» **WHAT IS REQUIRED**
Exact copy, no pictures: every line from the one that contains "Cj2618T Weather Station" through the end of the data below, and nothing else.

──────── GIVEN INFORMATION

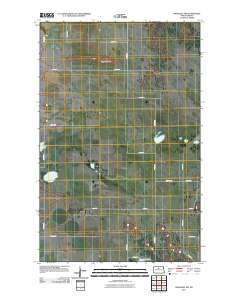 Rangeley NW 2011 topographic map thumbnail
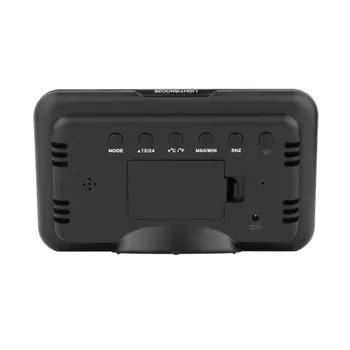 

Cj2618T Weather Station Wireless Multifunctional Indoor Sensor Digital Alarm Clock Temperature Trend Display Alert 1 Pcs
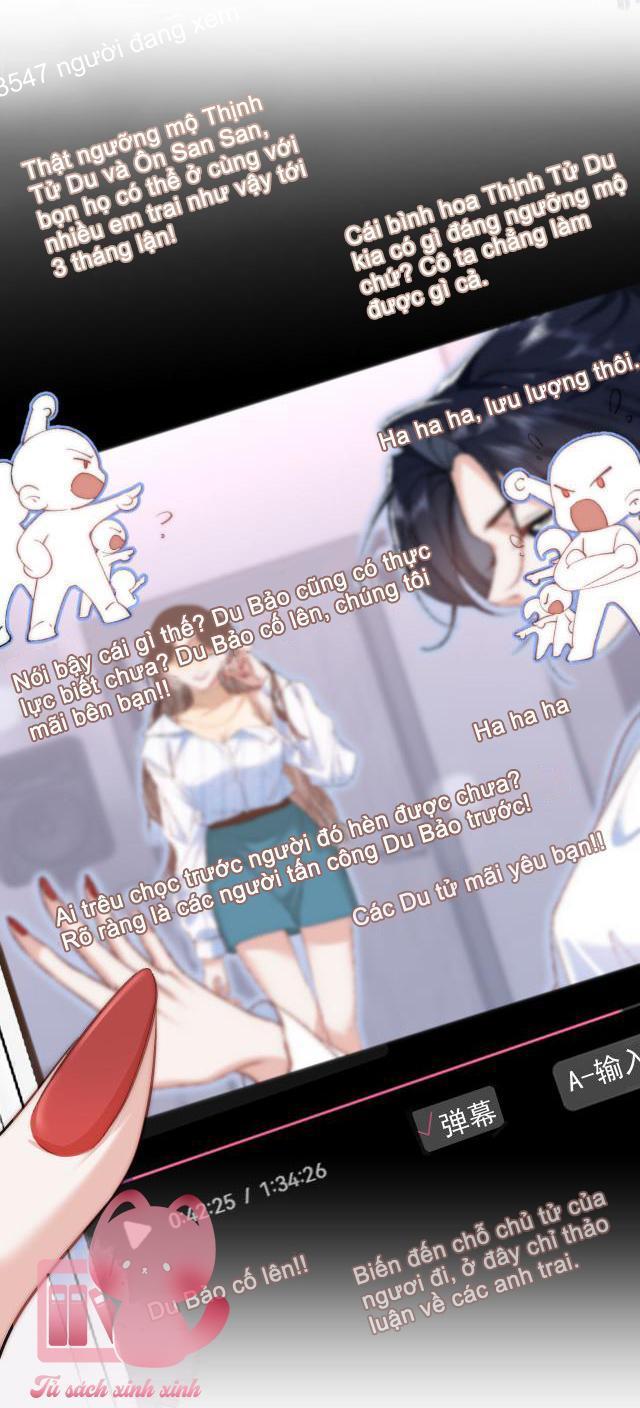 nữ cố vấn tuyển tú nam đoàn chapter 7 14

────────────────

» **SOLUTION**
Cj2618T Weather Station Wireless Multifunctional Indoor Sensor Digital Alarm Clock Temperature Trend Display Alert 1 Pcs
 nữ cố vấn tuyển tú nam đoàn chapter 7 14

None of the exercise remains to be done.